Do you know what questions to ask when you're looking for an IT firm? We're here to help. Get the free guide delivered right to your inbox:
Last week, SentinelLabs reported on LockBit 3.0 (aka LockBit Black), describing how the latest iteration of this increasingly prevalent RaaS implemented a series of anti-analysis and anti-debugging routines. Research was quickly followed up by others reporting similar findings. Meanwhile, back in April, SentinelLabs reported on how a LockBit affiliate was leveraging the legitimate VMware command line utility, VMwareXferlogs.exe, in a live engagement to side load Cobalt Strike.
Typically, Cobalt Strike is delivered to a potential victim machine as a payload via malicious binaries that are run through PowerShell scripts. In April, it was observed LockBits' use of VMwareXferlogs.exe to load Cobalt Strike on a user's machine in the form of an Autorun.inf file.
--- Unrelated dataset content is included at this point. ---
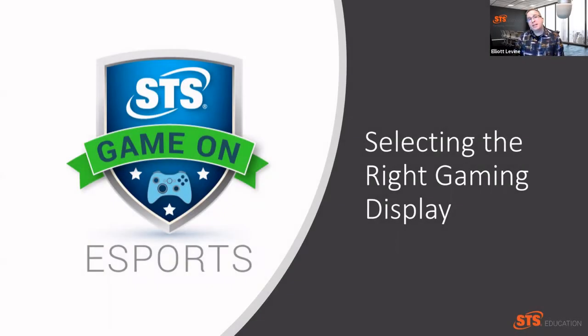On this episode of the ins and outs of your gaming PC, we're going to focus on what to look for in a gaming monitor. I'm Elliot Levine, Chief Academic Officer for STS Education. And while your school probably has hundreds, if not thousands, of computer monitors already, you're likely going to find you need separate monitors for your eSports program.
Upon execution of the malicious binary, it would wipe the current host's master boot record (MBR) and launch VMwareXferlogs.exe which in turn launched Cobalt Strike within VMware Workstation or Fusion (or Player).
LockBit also recently began using the open-source tool, WinAppDeployCmd.exe to side load Cobalt Strike on a potential victim machine. WinAppDeployCmd is a PowerShell script which can be used to silently install multiple applications and runs within the context of powershell.exe, one of which being Cobalt Strike.
Last week, SentinelLabs Threat Research observed a LockBit affiliate delivering Cobalt Strike via a Microsoft Security Scanner that was hosted on the LockBit Command & Control server. From this experience, we can conclude that LockBits have found an effective way to distribute their BITSAdmin payload while maintaining an immediate connection with the BITSAdmin resource they need to operate in order to install and maintain their malware payloads.